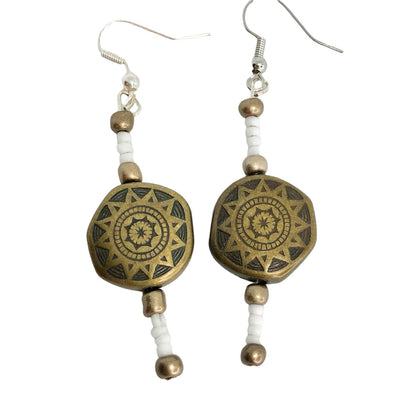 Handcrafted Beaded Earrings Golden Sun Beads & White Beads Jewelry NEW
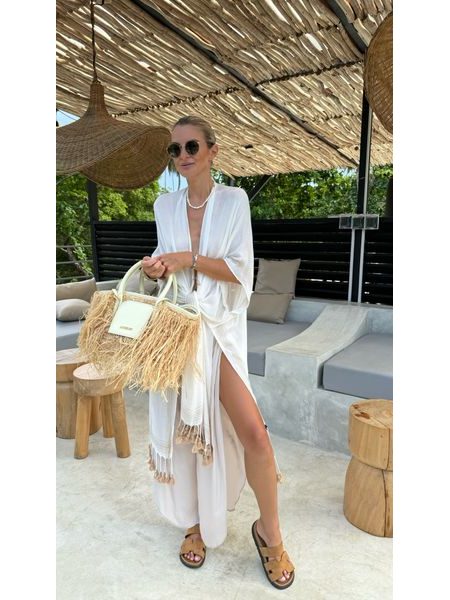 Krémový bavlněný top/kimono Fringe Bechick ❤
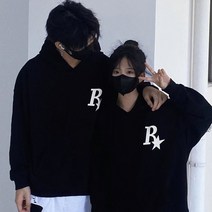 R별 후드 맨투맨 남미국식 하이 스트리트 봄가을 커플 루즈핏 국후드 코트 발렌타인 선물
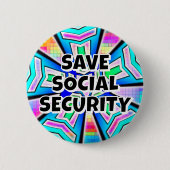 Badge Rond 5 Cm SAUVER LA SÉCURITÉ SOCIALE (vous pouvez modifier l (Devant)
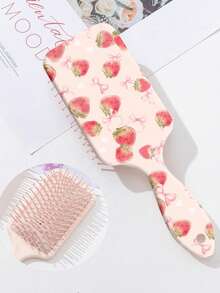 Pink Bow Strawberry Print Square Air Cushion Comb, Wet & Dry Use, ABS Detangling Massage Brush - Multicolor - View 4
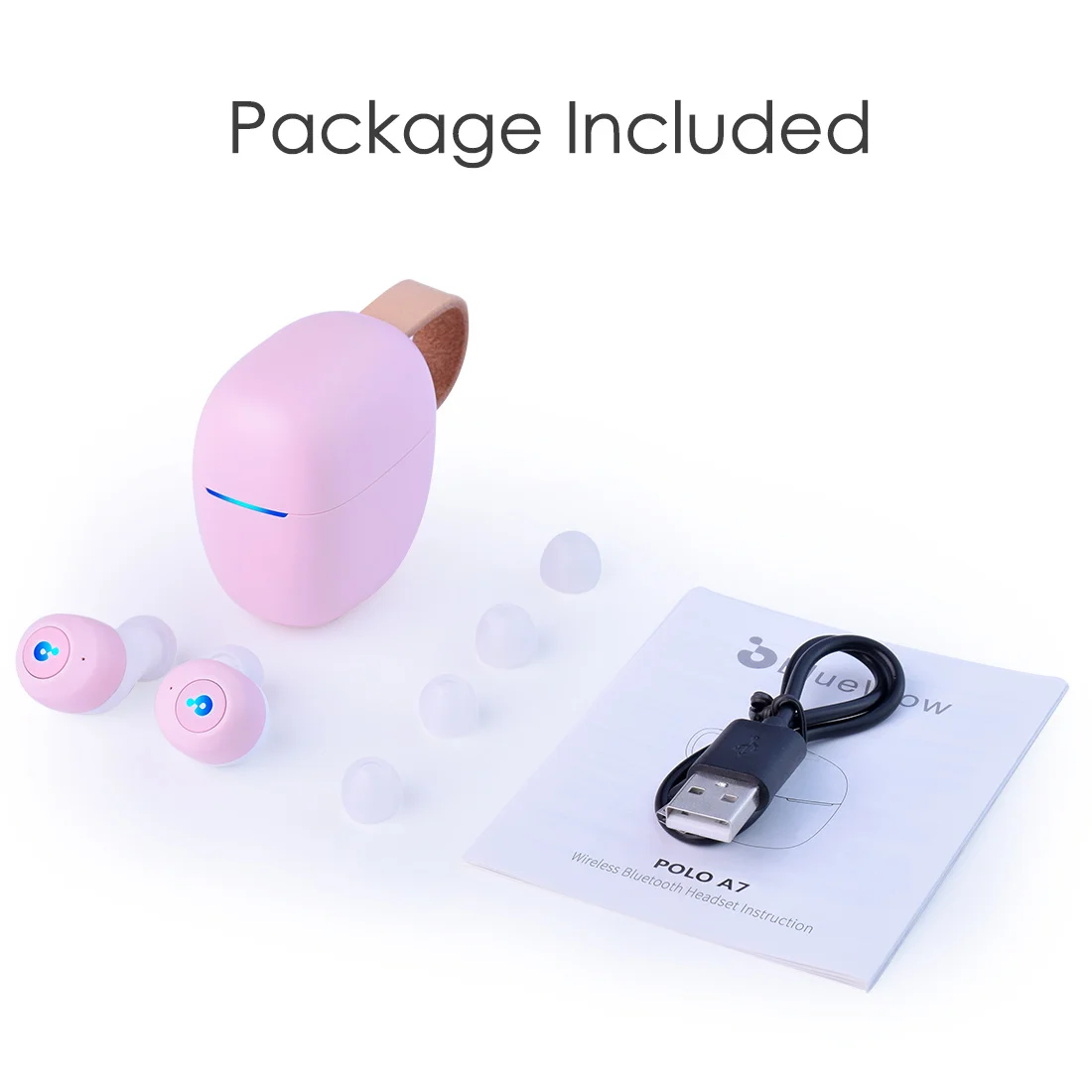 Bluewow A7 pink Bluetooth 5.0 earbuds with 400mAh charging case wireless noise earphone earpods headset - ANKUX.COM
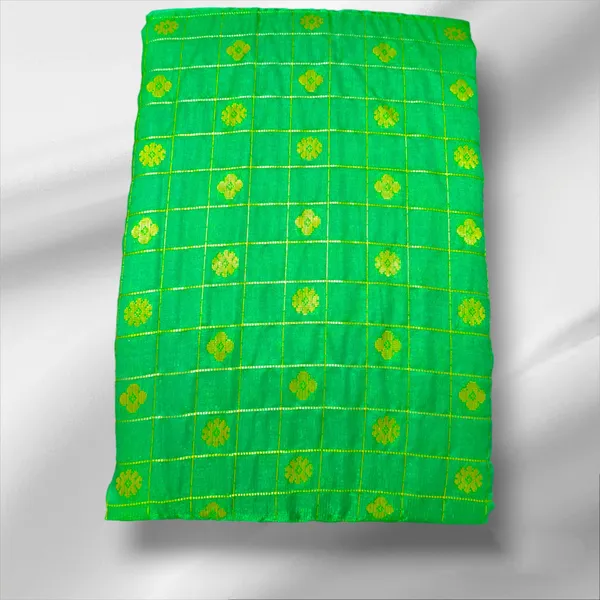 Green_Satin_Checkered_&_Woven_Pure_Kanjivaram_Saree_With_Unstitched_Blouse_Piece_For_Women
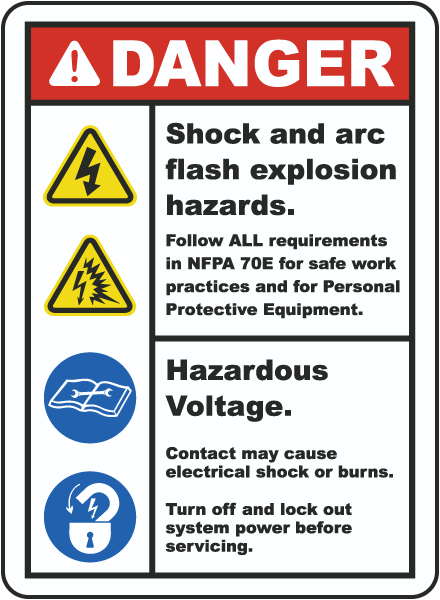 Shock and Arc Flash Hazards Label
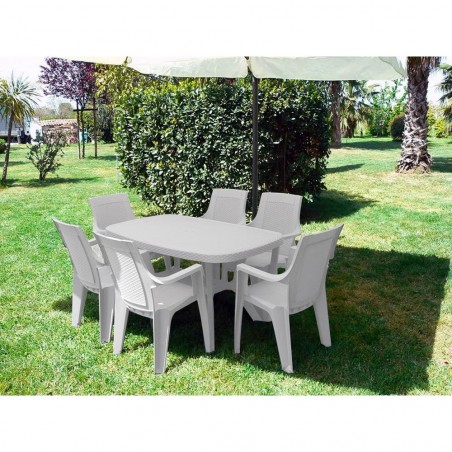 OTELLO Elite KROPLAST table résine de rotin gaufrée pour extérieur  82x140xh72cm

+ + + +

Assignment: Output the data above in full and exactly, with every image left out.

Solution for this problem:
 Handcrafted Beaded Earrings Golden Sun Beads & White Beads Jewelry NEW
 Krémový bavlněný top/kimono Fringe Bechick ❤
 R별 후드 맨투맨 남미국식 하이 스트리트 봄가을 커플 루즈핏 국후드 코트 발렌타인 선물
 Badge Rond 5 Cm SAUVER LA SÉCURITÉ SOCIALE (vous pouvez modifier l (Devant)
 Pink Bow Strawberry Print Square Air Cushion Comb, Wet & Dry Use, ABS Detangling Massage Brush - Multicolor - View 4
 Bluewow A7 pink Bluetooth 5.0 earbuds with 400mAh charging case wireless noise earphone earpods headset - ANKUX.COM
 Green_Satin_Checkered_&_Woven_Pure_Kanjivaram_Saree_With_Unstitched_Blouse_Piece_For_Women
 Shock and Arc Flash Hazards Label
 OTELLO Elite KROPLAST table résine de rotin gaufrée pour extérieur  82x140xh72cm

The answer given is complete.